A análise de 53 marégrafos, distribuídos um pouco por todo o mundo, permite perspectivar uma descida de cerca de meio metro do nível do mar até 2100, se se mantiver a tendência de descida observada nos últimos três anos.

A análise começou por encontrar dados das estações de Douglas (1997). Os dados utilizados foram obtidos a partir de Universidade do Hawaii, que possui os dados mais actualizados que foi possível obter na Internet. Para a realização do estudo foram excluídas todas as estações sem dados em 2009, bem como todas aquelas que não tivessem dados relevantes desde 2000/07/01.

Como não foi possível recolher sequer metade das estações do estudo de Douglas, com dados relevantes, o estudo foi alargado para agrupar o máximo de estações GLOSS a nível mundial. Com excepção de algumas regiões do Mundo, sem dados no site da Universidade do Hawaii, encontrou-se uma distribuição que cobre praticamente todos os continentes/oceanos. Essa distribuição de estações está clara na imagem acima, onde as estações utilizadas neste estudo estão marcadas com uma cruz.

A tabela seguinte revela a tendência de crescimento do nível dos mares, se se mantiverem as tendências de 2000, 2003 e 2006, ao presente. Os valores são em centímetros, e referem-se ao valor da tendência extendida a 100 anos. Os valores a vermelho denotam subidas, enquanto a verde significam uma descida do nível dos mares. A tabela está ordenada pelas estações onde se espera que se obtenha maior descida no nível dos mares, de acordo com a tendência observada entre 2000 e 2009.
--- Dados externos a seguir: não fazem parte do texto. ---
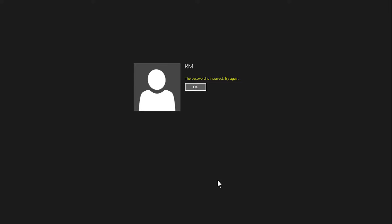If the password is entered incorrectly, a message displays stating the password is incorrect. Click OK.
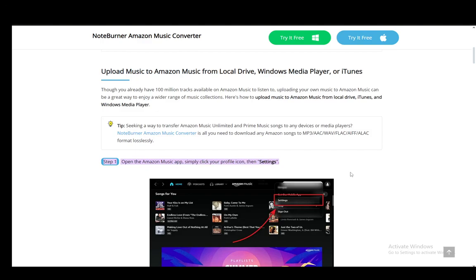Hey everybody, what is going on? I hope you guys are all doing well and welcome to another tutorial video. In this video I'll be explaining to you guys how you can import your songs into your Amazon Music app, so let's get right into it.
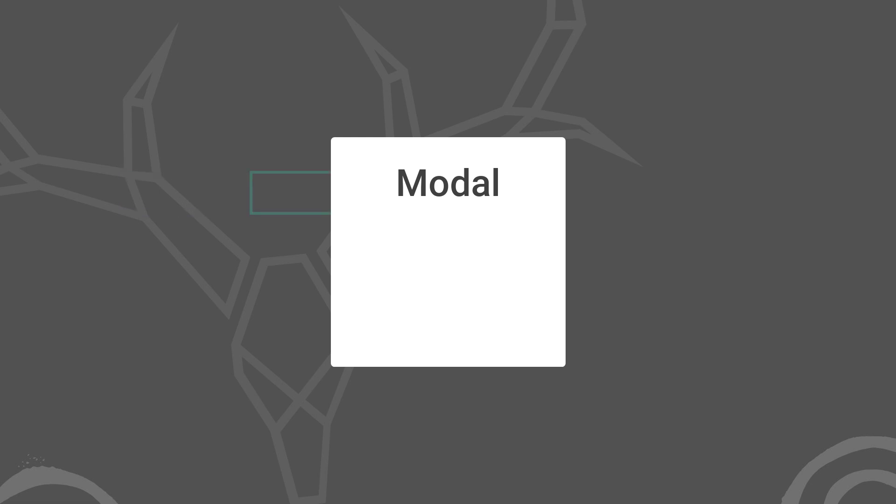when they start navigating via the keyboard by using the tab key, items behind the modal continue to receive focus. This is weird and not what the user would expect, right?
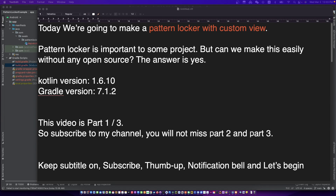Hello, this is your friend CodingWithCat. Today we are going to make a pattern locker with a custom view. This video is part one, so subscribe to my channel — you will not miss part two and part three. We can learn how to use a custom view to draw a pattern locker without any open source. Let's begin.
Da análise dos dados, pelo valor médio, expresso na última linha, se conclui que a manter-se a evolução observada nos últimos nove anos (2000/07/01 - 2009/06/30), o nível médio dos mares subirá uns míseros 3cm durante o século XXI. Mas se olharmos para a tendência dos últimos seis anos, a descida dos mares seria de 22cm este século, o suficiente para compensar a subida observada no século passado. Mas, a manter-se a tendência dos últimos três anos, haveria uma descida superior a meio metro até ao ano 2100!

Porque são os dados oficiais do IPCC, e outros, tão diferentes? Simplesmente, porque não levam em linha de conta com os dados actualizados. De acordo com a página do Wikipedia sobre a subida dos mares, os dados mais recentes utilizados em estudos internacionais dizem respeito a dados de 2003! Os dados utilizados no recente estudo estão actualizados até Maio deste ano (com a notável excepção de Marselha, que é referenciada em Douglas), e muitas registam dados já depois de 30 de Junho (embora não contabilizados).
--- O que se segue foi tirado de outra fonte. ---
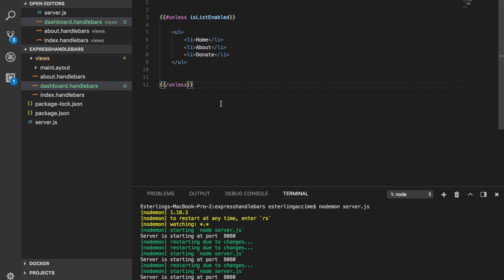That's all about the 'unless' helper. In case you want to explore more, we're going to look at another helper called 'with', which is going to be really fun to work with.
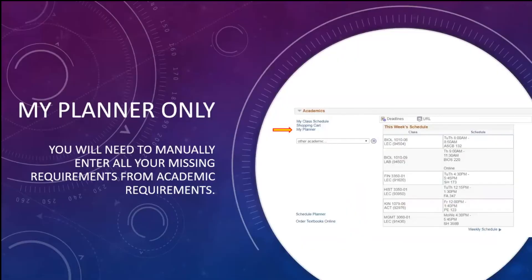Degree planner people, once you have all that, you're pretty much good to go. The only thing left is to pay the fees and submit everything to the grad office. We'll finalize all the steps a little later. For now, Dr. Franco is going to talk to the My Planner people and go over that process.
A análise geográfica dos dados revela que a costa do Pacífico da América do Norte, Centro e Sul, é a que maior descida regista. Em sentido contrário, a evolução observada no Oceano Índico é claramente de subida. De uma forma geral, a preocupação dos alarmistas, de que haverá grandes prejuízos com a subida dos mares, não se verifica, sendo até os Estados Unidos, terra do Gore, particularmente beneficiado...
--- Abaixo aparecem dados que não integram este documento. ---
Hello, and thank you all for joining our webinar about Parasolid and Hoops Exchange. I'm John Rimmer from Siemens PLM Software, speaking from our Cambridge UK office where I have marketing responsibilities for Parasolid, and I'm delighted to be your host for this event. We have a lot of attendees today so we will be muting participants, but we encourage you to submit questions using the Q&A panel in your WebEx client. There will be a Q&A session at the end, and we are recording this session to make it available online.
Note-se finalmente como os maiores outliers estão dos lados das subidas! Na tendência dos últimos nove anos, as três maiores variações em termos absolutos são de subidas. E na tendência dos últimos três anos, três das quatro maiores variações são de subida. Quando assim é, e quando a média mesmo assim é a referida, a exclusão dos outliers daria uma tendência para uma descida dos mares ainda mais acentuada!

Ecotretas
Nota: para ver a tabela, consultar post em http://ecotretas.blogspot.com/2009/07/mar-pode-descer-meio-metro-ate-2100.html


----------



## Mjhb (28 Jul 2009 às 21:23)

Ecotretas disse:


> A análise de 53 marégrafos, distribuídos um pouco por todo o mundo, permite perspectivar uma descida de cerca de meio metro do nível do mar até 2100, se se mantiver a tendência de descida observada nos últimos três anos.
> 
> A análise começou por encontrar dados das estações de Douglas (1997). Os dados utilizados foram obtidos a partir de Universidade do Hawaii, que possui os dados mais actualizados que foi possível obter na Internet. Para a realização do estudo foram excluídas todas as estações sem dados em 2009, bem como todas aquelas que não tivessem dados relevantes desde 2000/07/01.
> 
> ...



Gostava que me esclarecesses uma coisita(está a vermelho...)...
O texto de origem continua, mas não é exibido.